◆ Exercise details ◆
In the listing, find every line that has the string "Vehicle" and copy it.

◆ Information given ◆
──────
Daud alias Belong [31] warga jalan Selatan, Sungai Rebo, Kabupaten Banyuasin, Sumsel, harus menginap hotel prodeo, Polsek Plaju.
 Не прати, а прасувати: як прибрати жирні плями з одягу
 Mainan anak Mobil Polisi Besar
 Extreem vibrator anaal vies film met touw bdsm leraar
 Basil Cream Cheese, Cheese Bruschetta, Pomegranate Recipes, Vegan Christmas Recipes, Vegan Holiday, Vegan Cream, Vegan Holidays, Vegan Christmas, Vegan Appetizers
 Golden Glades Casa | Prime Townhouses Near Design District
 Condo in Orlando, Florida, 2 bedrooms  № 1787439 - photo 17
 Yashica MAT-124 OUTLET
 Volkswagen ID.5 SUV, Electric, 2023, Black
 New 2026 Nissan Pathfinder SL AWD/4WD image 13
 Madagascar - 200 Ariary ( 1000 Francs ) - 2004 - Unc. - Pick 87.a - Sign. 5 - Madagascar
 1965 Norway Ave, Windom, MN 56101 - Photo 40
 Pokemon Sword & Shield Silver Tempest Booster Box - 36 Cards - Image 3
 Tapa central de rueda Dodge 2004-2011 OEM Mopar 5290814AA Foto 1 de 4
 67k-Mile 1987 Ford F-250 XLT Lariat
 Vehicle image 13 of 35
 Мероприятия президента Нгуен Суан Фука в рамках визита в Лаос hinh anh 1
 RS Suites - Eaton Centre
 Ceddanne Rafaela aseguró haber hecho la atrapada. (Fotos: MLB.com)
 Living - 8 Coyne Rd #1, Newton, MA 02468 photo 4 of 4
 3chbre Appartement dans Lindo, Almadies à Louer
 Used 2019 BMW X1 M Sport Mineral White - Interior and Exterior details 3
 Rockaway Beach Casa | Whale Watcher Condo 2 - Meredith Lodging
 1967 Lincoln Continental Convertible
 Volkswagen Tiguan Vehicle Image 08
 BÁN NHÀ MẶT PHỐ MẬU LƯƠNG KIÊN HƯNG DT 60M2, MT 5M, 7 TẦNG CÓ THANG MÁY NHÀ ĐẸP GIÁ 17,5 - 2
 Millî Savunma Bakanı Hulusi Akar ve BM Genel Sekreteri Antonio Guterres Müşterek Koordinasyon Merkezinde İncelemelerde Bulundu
──────
◆ Solution to the exercise ◆
 Vehicle image 13 of 35
 Volkswagen Tiguan Vehicle Image 08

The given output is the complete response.